3. Восемнадцать раненых вынесено в расположение наших войск.
4. Пропало без вести — четыре человека.
Выписка из постановления
За выполнения задания командования и проявленное при этом мужество и героизм, наградить орденами и медалями следующих бойцов и командиров РККА
... командира взвода отдельной разведроты двести восемьдесят шестой стрелковой дивизии — старшину Красовского Максима Андреевича — орденом Красной Звезды (посмертно)...
Подполковник Дронов поднялся на крыльцо и стукнул костяшками пальцев в закрытую дверь.
— Кто там?
— Свои — подполковник Дронов.
— Ой! — за дверью затопали ноги, что-то стукнуло.
Спустя минуту лязгнул крючок, и дверь приотворилась.
— Заходите, товарищ командир... — отступила в сторону чернявая девушка в военной форме.
— Да, я, собственно, ненадолго... Мне бы Нину повидать?
— Маркову? Это можно, я сейчас! — и девушка исчезла внутри.
Гость повернулся и, отойдя в сторону, присел на лавочку. Достал портсигар, вытащил оттуда папиросу и постучал по крышке.

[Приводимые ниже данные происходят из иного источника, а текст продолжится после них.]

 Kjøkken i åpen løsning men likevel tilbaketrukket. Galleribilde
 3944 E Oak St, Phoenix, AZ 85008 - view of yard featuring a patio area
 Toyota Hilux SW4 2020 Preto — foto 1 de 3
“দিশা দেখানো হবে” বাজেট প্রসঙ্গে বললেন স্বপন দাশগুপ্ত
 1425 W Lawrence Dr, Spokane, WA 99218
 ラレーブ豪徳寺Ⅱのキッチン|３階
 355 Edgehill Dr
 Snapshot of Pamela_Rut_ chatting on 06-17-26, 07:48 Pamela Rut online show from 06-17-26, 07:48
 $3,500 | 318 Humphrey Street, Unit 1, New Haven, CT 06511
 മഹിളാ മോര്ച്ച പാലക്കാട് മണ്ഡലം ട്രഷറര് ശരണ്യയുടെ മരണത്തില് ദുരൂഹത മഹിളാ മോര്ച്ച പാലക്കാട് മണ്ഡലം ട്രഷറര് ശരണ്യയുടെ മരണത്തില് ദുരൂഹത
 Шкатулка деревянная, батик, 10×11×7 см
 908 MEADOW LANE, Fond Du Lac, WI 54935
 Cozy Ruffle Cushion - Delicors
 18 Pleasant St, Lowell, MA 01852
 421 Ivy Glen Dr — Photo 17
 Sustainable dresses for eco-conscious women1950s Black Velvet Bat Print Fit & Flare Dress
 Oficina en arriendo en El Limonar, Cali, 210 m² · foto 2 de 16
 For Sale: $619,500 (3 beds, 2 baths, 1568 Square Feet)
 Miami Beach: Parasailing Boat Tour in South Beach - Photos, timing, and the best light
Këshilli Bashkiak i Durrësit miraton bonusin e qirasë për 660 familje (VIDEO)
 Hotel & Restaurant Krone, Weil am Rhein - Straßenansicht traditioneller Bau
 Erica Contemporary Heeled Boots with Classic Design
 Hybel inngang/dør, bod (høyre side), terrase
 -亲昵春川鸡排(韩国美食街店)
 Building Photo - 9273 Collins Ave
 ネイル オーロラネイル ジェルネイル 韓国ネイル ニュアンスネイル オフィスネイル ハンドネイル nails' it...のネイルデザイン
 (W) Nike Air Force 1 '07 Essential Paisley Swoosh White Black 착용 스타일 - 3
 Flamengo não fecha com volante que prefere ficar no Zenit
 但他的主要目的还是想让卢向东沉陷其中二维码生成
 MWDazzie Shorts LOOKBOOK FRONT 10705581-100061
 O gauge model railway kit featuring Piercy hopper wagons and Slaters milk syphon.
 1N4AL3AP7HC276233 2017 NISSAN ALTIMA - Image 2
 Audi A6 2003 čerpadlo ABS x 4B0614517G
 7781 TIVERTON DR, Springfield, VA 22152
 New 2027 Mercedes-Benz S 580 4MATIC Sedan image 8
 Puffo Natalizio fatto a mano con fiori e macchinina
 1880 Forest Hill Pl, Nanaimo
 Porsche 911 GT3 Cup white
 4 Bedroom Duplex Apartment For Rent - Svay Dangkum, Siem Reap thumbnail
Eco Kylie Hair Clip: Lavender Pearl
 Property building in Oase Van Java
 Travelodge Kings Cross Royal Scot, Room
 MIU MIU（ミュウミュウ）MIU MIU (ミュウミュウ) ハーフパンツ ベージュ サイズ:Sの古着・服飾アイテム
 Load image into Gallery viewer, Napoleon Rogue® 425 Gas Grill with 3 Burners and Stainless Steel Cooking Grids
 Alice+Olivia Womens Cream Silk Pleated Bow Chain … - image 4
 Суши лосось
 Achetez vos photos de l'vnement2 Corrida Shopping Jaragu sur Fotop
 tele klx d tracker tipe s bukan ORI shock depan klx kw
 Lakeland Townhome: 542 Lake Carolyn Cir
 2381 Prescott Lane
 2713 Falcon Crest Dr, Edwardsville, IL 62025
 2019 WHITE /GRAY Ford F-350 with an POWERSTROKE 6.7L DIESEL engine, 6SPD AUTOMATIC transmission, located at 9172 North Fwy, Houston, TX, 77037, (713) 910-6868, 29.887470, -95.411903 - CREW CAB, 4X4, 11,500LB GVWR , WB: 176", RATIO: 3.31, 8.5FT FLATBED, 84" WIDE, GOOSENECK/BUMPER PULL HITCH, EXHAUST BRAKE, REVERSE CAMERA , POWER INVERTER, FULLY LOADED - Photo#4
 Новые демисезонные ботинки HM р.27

Подумал и осторожно убрал её назад.
— Товарищ подполковник?
— Здравствуйте, Ниночка, — приподнялся офицер.
— Здравия желаю... а... что случилось?
— Да вы присядьте, — указал он рукою на место рядом с собой.
Девушка опустилась, но смотрела на гостя с выражением какой-то тревоги в глазах.
— Максим?
— Да, Нина. Он не вернулся.
— Но... Он ведь и раньше...
— Там был такой взрыв... За километр с людей пилотки посносило.
Нина стиснула кулачки и прижала к груди руки.
— И что же теперь?
Дронов облизал пересохшие внезапно губы. Не первый день на войне, столько уже всякого повидал, но в такие вот моменты он как-то терялся.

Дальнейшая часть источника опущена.